The separation of the phase components may be performed by a number of different devices and techniques in addition to the centrifugal separator shown in FIG. 1. For example, the tool 100 may include a cyclonic separator wherein the fluid 103 is spun in a spiral or helix-like manner in the chamber 104. Still other non-limiting embodiments of separators are discussed below.

Referring now to FIG. 2, there is shown a thermal separator 120 that includes a distillation column 122. In some embodiments, cooling devices such as thermoelectric elements 124a,b may be used to remove heat from the fluid 123 in the column 122. A thermoelectric elements 124a,b may be formed of a suitable material (e.g., bismuth telluride) that when energized by an electrical circuit 126 transfers heat across a space against a temperature gradient (or Peltier effect). A suitable power source 128 may provide electrical power. In other embodiments, heat may be applied by suitable heating elements to separate phases in the distillation column 122. In addition to or instead of thermal separation, electrostatic forces may be used to separate phase components based on the electric charge of the components. As discussed previously, sensors 108a-c may be used to obtain desired information relating to the fluid and/or environment in the distillation column 122.

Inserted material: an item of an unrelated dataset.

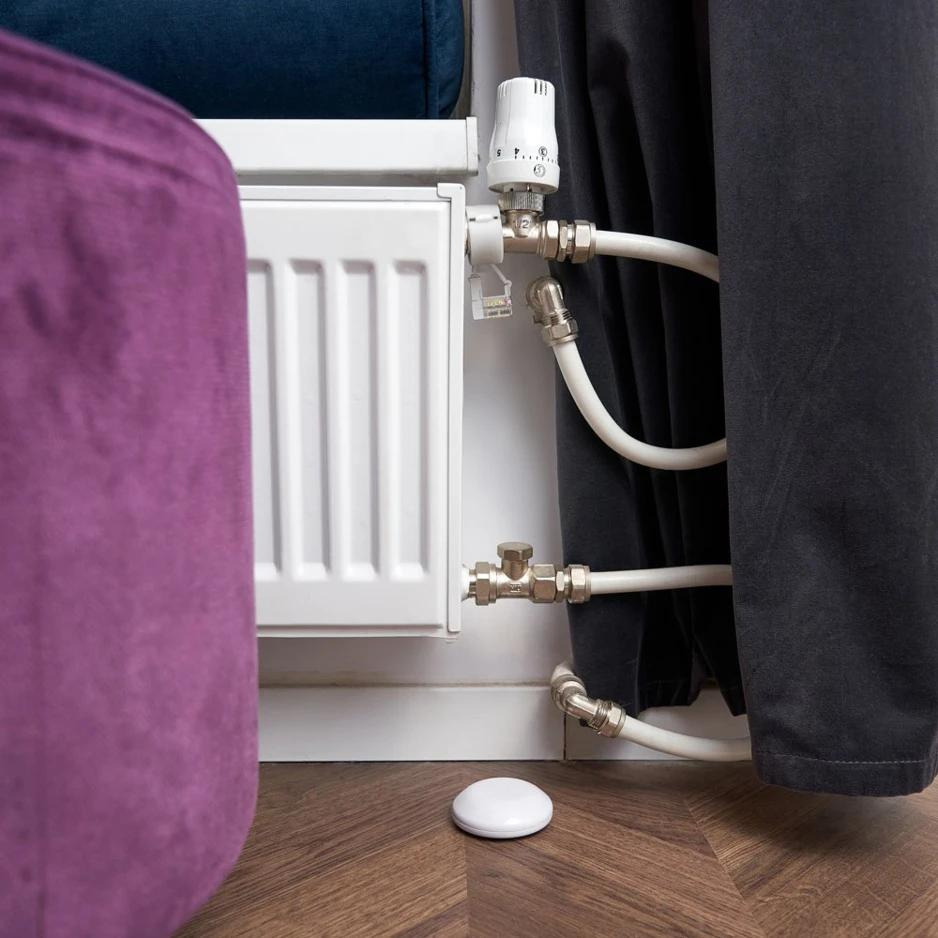 Fehér radiátor csövekkel és termosztáttal. Egy lila oszmán és fekete függöny van a keretben.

Referring now to FIG. 3, there is shown a column 140 that includes one or more reactive column surfaces 142 that define a flow conduit 144 where the separator 140 is used for chromatographic purposes, e.g., high performance liquid chromatography, ion exchange chromatography, hydrophobic interaction chromatography, gel filtration chromatography, and combinations thereof. Chromatography is used to separate phases of a liquid. The liquid, i.e., the mobile phase, is poured or dripped through a column surface 142, i.e., the stationary phase. The column surfaces 142 may interact with a targeted phase of the fluid 146. As the fluid 146 flows along the column surface 142, the targeted phase of the fluid 146 interacts with the column surface 142 and is retained by the column surface 142, which allows the remainder of the fluid 146 to continue flowing through the column 140. Thus, the targeted phase of the fluid 146 is separated from the remainder of the fluid 146. Chromatography may be used by designing the column surfaces 142 to interact with the fluid 146 based on dipole-dipole interactions, ionic interactions or molecule sizes. As discussed previously, sensors 108a-c may be used to obtain desired information relating to the fluid and/or environment in the flow conduit 144.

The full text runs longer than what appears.